LOS ANGELES (Reuters) - Nearly six years ago, “Scream” horror director Wes Craven said he didn’t think it wise to make a fourth movie in the blockbuster franchise because all the stories that could be told, had been.
But as the new “Scream 4” opens in theaters on Friday, Craven says that with all the key characters back — including Courteney Cox, David Arquette and Neve Campbell in the lead role of hunted woman Sidney Prescott — fans will be pleased.
“I think we all wanted to come back, (but) we needed to bring it back up to bar. ‘Scream 3’ was a little too goofy,” Craven said.
The “Scream” movies became part of Hollywood lore when launched in 1996 with the tale of a maniac who wears a ghastly ghost mask while murdering teenagers in a small California community. The kids try to uncover the assailant by figuring out the “rules” that horror films follow in their plots.
Prescott’s life was the ultimate goal of the killer, who is appropriately dubbed “Ghostface.” Cox portrayed a TV reporter covering the crimes, and Arquette was a deputy policeman.
The first version earned good reviews and $173 million at global box offices. The next movie, 1997’s “Scream 2,” did just as well with fans and earned $172 million.
But three years later, “Scream 3” felt the wrath of moviegoers with its killings taking place on the set of a movie based on the fictional murders.

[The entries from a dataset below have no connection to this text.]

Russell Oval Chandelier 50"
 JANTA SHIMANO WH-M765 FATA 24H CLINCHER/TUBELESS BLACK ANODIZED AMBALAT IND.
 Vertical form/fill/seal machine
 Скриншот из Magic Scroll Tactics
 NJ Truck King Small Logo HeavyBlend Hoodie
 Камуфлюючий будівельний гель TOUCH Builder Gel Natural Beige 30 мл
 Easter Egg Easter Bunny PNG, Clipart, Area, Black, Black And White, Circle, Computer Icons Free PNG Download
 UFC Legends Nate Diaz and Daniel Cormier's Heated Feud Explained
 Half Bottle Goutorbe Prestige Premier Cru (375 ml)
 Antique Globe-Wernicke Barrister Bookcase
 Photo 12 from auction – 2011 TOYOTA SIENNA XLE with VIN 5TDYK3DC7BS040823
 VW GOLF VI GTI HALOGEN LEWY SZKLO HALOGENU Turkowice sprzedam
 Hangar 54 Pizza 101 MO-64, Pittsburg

While “Scream 3” claimed $162 million in worldwide ticket sales, some critics believed the franchise had lost its freshness.
Craven, whose credits include the “A Nightmare on Elm Street” movies, said the story in “Scream 3” also suffered from having too little of a focus on the Prescott character, who remained largely in the background.
“The audience is taken with (Sidney) because they need one core character to really feel for in order for the horror and the humor to work,” Campbell said.
Eleven years later, here comes “Scream 4” with Prescott returning to the California town where it all began while on tour to promote her successful self-help book.
As soon as she sets foot in the community, murders begin again among a group that includes her young cousin, played by Emma Roberts.
With a killer back on the loose, news reporter Gale Weathers-Riley (Cox) and her husband Dewey Riley (Arquette) are again lured into the hunt for Ghostface.
For Craven, the process of doing another “Scream” started with Kevin Williamson, screenwriter of the first two films. He needed to come up with a fresh plot that was inventive yet true to the original.
“You have to come back with something worthy of coming back,” Craven said.
But during production, Williamson was replaced with Ehren Kruger, writer of “Scream 3.” Almost immediately, fans voiced their fear on websites and blogs that the original inventiveness might be lost.
Craven and Campbell insist the originality has returned, and both could see their careers helped with a new hit.
Other than last year’s disappointing “My Soul to Take,” this is Craven’s first time directing a feature film since 2005’s “Red Eye” and “Cursed.” Neither was a major hit and “Cursed” flopped at only $30 million in global ticket sales.
And Campbell, 37, has never truly experienced the level of exposure even close to what she achieved with her role in the “Scream” trilogy.